Unlike other languages that use explicit delimiters to determine what goes inside a loop or function (such as {} in Java), Python only uses indentation. Indentation affects the behavior of programs. IndentationError: unexpected indent means there is an error in code indentation.

Blank lines

Leave two blank lines separating code for different function definitions, class definitions, and other code. The only exception is for methods defined within the same class, in which case a single blank line between methods is preferred.

Within a function definition, avoid introducing more than a single blank line at a time and only for separating complex chunks of code for readability. Careful and consistent of two blank lines can help communicate the start of a significant, new definition.

Between operators

Include spaces between operators and other elements in an expression. Mathematical operators include +, -, *, /, and **. Logical operators include ==, <=, >=, <, and >. Limit space delimiters to 1 space to avoid unnecessary whitespace. The exception to this is parentheses, which can be directly adjacent to whatever they are enclosing.
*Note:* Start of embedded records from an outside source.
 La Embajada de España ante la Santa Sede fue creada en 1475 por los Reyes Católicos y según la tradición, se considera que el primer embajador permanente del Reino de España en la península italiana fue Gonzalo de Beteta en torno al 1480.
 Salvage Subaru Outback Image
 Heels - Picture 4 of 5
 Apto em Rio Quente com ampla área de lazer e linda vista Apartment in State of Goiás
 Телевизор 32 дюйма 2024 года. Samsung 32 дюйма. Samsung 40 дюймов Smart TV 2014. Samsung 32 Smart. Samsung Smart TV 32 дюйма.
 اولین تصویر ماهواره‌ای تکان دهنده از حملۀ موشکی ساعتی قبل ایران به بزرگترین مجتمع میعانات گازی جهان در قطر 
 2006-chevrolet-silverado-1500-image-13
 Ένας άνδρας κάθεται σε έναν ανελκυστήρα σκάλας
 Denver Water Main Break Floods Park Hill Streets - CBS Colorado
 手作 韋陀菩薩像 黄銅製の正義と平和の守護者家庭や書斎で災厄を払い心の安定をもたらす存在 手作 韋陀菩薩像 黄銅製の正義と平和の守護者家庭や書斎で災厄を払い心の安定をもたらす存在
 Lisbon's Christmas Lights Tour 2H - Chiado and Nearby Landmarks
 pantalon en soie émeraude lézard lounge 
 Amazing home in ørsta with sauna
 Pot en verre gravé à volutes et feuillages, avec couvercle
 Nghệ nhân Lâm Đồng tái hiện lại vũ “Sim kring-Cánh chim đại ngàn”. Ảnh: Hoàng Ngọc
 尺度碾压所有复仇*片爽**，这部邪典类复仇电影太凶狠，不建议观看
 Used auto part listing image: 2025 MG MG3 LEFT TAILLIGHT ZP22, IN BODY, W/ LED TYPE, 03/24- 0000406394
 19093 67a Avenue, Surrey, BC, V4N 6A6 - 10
This does not apply when specifying default parameter values or keyword arguments. Avoid spaces around the assignment operator = for those cases.

Function calls

Include spaces between arguments in a function call. Avoid space(s) between the function name and its argument list. Adding space(s) incorrectly suggests that the parentheses are for grouping an expression when they actually indicate a function call.

Line length

In general, lines should not exceed 100 characters. Occaisional exceptions are permitted when a longer line would be clearer and easier to understand than two or more shorter lines. Avoid long lines with the following strategies.

Function calls
some_function(first_arg="This is a function",
              second_arg="With many arguments",
              third_arg="indent until everything lines up")
Expressions
total = (first_num + second_num + third_num
         + fourth_num + fifth_num)
Strings
print("For very very very very very very long strings, "
      "this is how we might break it up to two lines")
DataFrames
# This filter is too long and combines multiple steps
data = data[(data['primary_color'] == 'Magenta') & (data['size'] != 'Large')]

# Instead, assign names to each step of the filter
is_magenta = data['primary_color'] == 'Magenta'
is_not_large = data['size'] != 'Large'

data = data[is_magenta & is_not_large]

Documentation

Each function should contain a docstring describing what the function does right below the function definition. It should describe any parameters the function takes and values it returns (if any). If the code requires handle some special cases (like case sensitivity, or special returns values for a certain input), include that in the comment as well. The main method does not require a comment.

Long blocks of particularly complex code can be explained by including a comment # on the preceding line(s).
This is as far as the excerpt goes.